In Fear and Loathing of Immigrants I surveyed history. Immigrants are often blamed for society’s troubles, but illegal immigration only became a big issue in the 1990s. Then, after 9/11 , we expanded our border forces enormously. That was when fear and loathing were very deliberately cranked up.
I followed the logic of militarizing our border to its conclusion, that we should also deport every “alien” already here, and, observing that Christian Church leaders condemned the 2012 GPO budget for failing to help our “poor, hungry, homeless, jobless,” I pointed out it’s not just that we no longer want other nations’ “tired, poor, huddled masses.”
We are also being brainwashed to reject all those like them, even our fellow citizens. We’ve been told the poor are bleeding us dry ever since Reagan’s 1976 campaign anecdotes about a “welfare queen” who defrauded the government of hundreds of thousands of dollars.
The woman Reagan spoke of appears to have been a murderer and kidnapper as well as a thief, but the stereotype of the “welfare queen” is an idle black woman. The label plays on racial fear.
Racial fear? Imagine how the media would have responded if Ebola appeared not in black Africa but Israel. Where would we have been told Ebola came from and how to respond? From Palestinian terrorists so it’s time to support an Israeli final solution? From Iran so it’s time for our nukes to finish what we helped Saddam Hussein attempt?
In Defying Hitler about the German equivalent of 9/11, the burning of the Reichstag, Sebastian Haffner writes: “I do not see that one can blame the majority of Germans who, in 1933, believed that the Reichstag fire was the work of the Communists. What one can blame them for, and what shows their terrible collective weakness of character … is that this settled the matter. With sheepish submissiveness, the German people accepted that, as a result of the fire, each one of them lost what little personal freedom and dignity was guaranteed by the constitution, as though it followed as a necessary consequence.

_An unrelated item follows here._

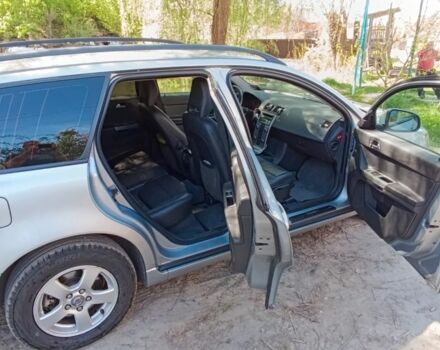 Вольво В50 2009 в Киеве на Automoto.ua Серый Вольво В50, объемом двигателя 1.6 л и пробегом 343 тыс. км за 6800 $, фото 3 на Automoto.ua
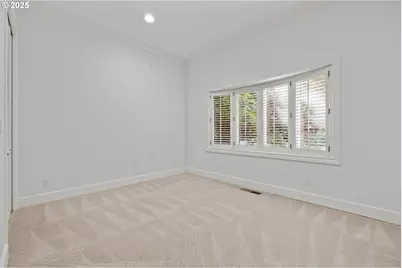 604 SW Arboretum Cir, Portland, OR 97221 - Photo 33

If the Communists had burned down the Reichstag, it was perfectly in order that the government took ‘decisive measures.’ … from now on, one’s telephone would be tapped, one’s letters opened, and one’s desk might be broken into.”
We are living through, as Yogi Berra said: “Déjà vu all over again.” Substitute Americans for Germans, terrorists for Communists, September 11, 2001, for 1933.
We must learn from history. We must do better.